マドル先輩が立ってるのと逆側に控えていれば、ライラ様の副官、みたいに見れたりしちゃったりして?
「あ? そんなもの、こうに決まっているだろう?」
「え、え?」
ライラ様は私の問いかけに不思議そうにして、普通に私を抱っこしたまま奥の席に座った。え? だ、抱っこしたままってこと? いやいやいや! それはさすがに恥ずかしい!
「で、でもそれだと、もしかしたらライラ様じゃなくて私がここのトップだと思われるかもしれませんよ!?」
「ふむ……別に構わんだろ」
「え!?」
か、構わんわけなくない? と驚く私に、ライラ様は真顔で言ってから、ふっと笑った。
「そもそもあいつらはお前の客からはじまったんだ。お前の部下になってもいいだろう」
「そ、そう言われると、そうかもですけど」
確かにその理屈で言われるとそうかもしれない。それによく考えたらライラ様はあんまりきゅーちゃんたちに関わってないのに、いきなり主になって保護者として責任が発生しますとなると、なんで? となるのはわかる。
挨拶したらライラ様の直属の部下になるってのもおかしいもんね。私の部下、と言われたら大げさが過ぎるけど、私が招いたんだから、私が責任取る立場にいるべきというのは確かにもっともだ。
「うむ。それにこうしていれば、お前が私のものだと言うことがブラウニーたちにも通じるだろうからな」
納得しかけていた私に、ライラ様は顔をよせて鼻先にキスをしてからそう言ってきた。さっきもだけど、なんだか今日いつもよりぐいぐいきてないですか? ドキドキするんですけど?

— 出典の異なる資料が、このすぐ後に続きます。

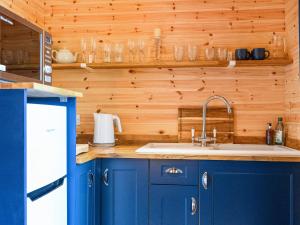 a kitchen with blue cabinets and a sink at Orchard Cabin-rowan - Uk45435 in Isle of Whithorn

「ら、ライラ様ったら、もー。そんなこと言われたら、やだって言えないじゃないですか」
「言わせないために言ってるからな」
「もー。えへへ」
全く、ライラ様ったら。それが本音だったなんて。こんな立派な謁見の間でお膝に抱っこされたまま真面目なご挨拶を受けるなんてさすがに恥ずかしすぎるし、でも責任があるから前に立ったほうがいいのかなー? と言う考えになりかけていたけど、そんな風に言われたら、じゃあこのままでするしかないかーってなるよね。
と言うわけで、ライラ様のお膝の上でブラウニーたちの挨拶を受けることになった。
〇
準備が粛々と進められ、室内にもマドル先輩がはいってきてライラ様の後ろに控え、外のマドル先輩とタイミングを合わせたりして、その時が近づいてくる。

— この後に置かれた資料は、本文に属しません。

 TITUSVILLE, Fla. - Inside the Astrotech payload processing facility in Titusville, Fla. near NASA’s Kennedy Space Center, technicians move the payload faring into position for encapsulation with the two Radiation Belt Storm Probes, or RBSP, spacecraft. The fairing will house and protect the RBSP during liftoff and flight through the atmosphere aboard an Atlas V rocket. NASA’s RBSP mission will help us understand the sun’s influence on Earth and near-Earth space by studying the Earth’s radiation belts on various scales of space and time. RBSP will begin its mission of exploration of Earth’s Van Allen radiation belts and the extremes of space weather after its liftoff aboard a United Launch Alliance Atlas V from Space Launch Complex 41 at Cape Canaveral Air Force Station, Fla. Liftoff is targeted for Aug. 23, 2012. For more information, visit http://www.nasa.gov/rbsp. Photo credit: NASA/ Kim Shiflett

それに伴い、私はだんだん緊張してきた。この席から見下ろすこの光景、私たちからしたら遊び半分の場所だけど、ブラウニーからしたら初めての場所だ。形だけとはいえ仲間になる儀式として、わざわざ待たされ準備してるなんて、ものすごく本気で緊張と不安にさいなまれているんじゃないか。そう思うとこっちも相応の態度で挑まないとって思えてくる。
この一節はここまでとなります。